== Exercise goal ==
Repeat only the lines below from the one containing "Overall, this is" through the one containing "You get HDMI, you", inclusive, exactly as written.

== Data shown ==
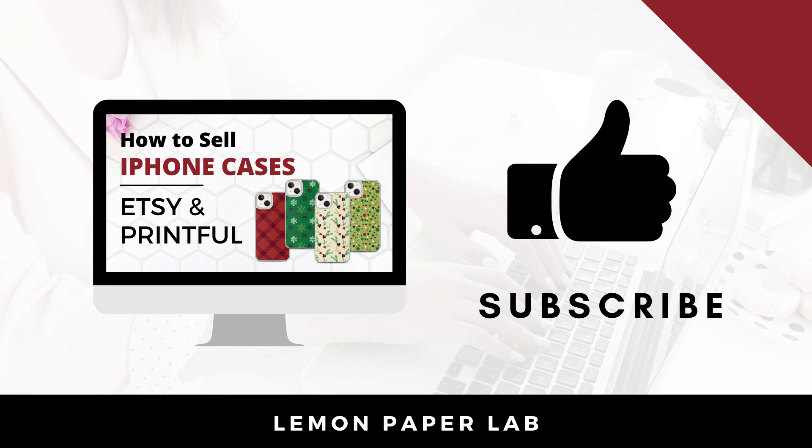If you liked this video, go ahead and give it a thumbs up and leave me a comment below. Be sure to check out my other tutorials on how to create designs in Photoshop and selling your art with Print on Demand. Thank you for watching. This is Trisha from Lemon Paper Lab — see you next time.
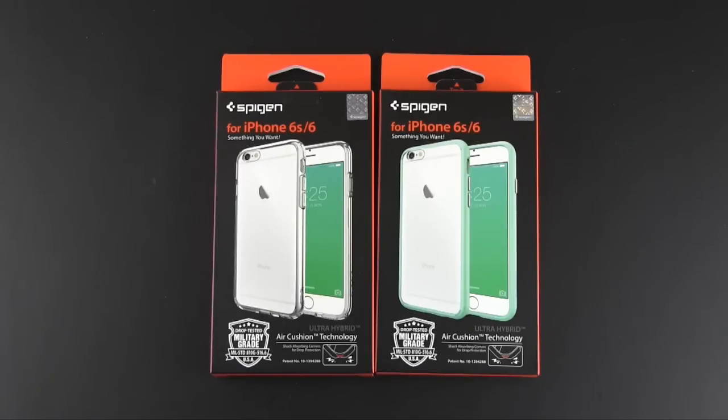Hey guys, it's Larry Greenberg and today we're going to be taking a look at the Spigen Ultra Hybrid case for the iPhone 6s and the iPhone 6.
--
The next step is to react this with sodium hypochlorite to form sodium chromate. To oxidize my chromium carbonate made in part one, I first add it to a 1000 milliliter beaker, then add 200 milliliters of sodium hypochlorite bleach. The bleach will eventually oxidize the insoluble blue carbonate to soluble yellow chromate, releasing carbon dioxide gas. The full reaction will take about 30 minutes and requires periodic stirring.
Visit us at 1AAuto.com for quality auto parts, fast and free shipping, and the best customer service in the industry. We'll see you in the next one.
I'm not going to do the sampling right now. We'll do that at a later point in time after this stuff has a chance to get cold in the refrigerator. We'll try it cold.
==
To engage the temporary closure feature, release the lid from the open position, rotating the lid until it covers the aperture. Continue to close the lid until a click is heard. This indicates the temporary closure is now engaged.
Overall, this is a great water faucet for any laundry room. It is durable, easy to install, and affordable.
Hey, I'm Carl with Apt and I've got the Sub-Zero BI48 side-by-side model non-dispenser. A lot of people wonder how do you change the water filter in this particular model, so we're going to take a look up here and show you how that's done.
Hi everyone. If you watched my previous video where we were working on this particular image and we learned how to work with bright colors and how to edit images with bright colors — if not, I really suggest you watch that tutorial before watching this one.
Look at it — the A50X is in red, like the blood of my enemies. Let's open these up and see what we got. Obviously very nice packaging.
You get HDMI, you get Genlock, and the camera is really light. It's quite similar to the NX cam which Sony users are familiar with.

== Answer box ==
Overall, this is a great water faucet for any laundry room. It is durable, easy to install, and affordable.
Hey, I'm Carl with Apt and I've got the Sub-Zero BI48 side-by-side model non-dispenser. A lot of people wonder how do you change the water filter in this particular model, so we're going to take a look up here and show you how that's done.
Hi everyone. If you watched my previous video where we were working on this particular image and we learned how to work with bright colors and how to edit images with bright colors — if not, I really suggest you watch that tutorial before watching this one.
Look at it — the A50X is in red, like the blood of my enemies. Let's open these up and see what we got. Obviously very nice packaging.
You get HDMI, you get Genlock, and the camera is really light. It's quite similar to the NX cam which Sony users are familiar with.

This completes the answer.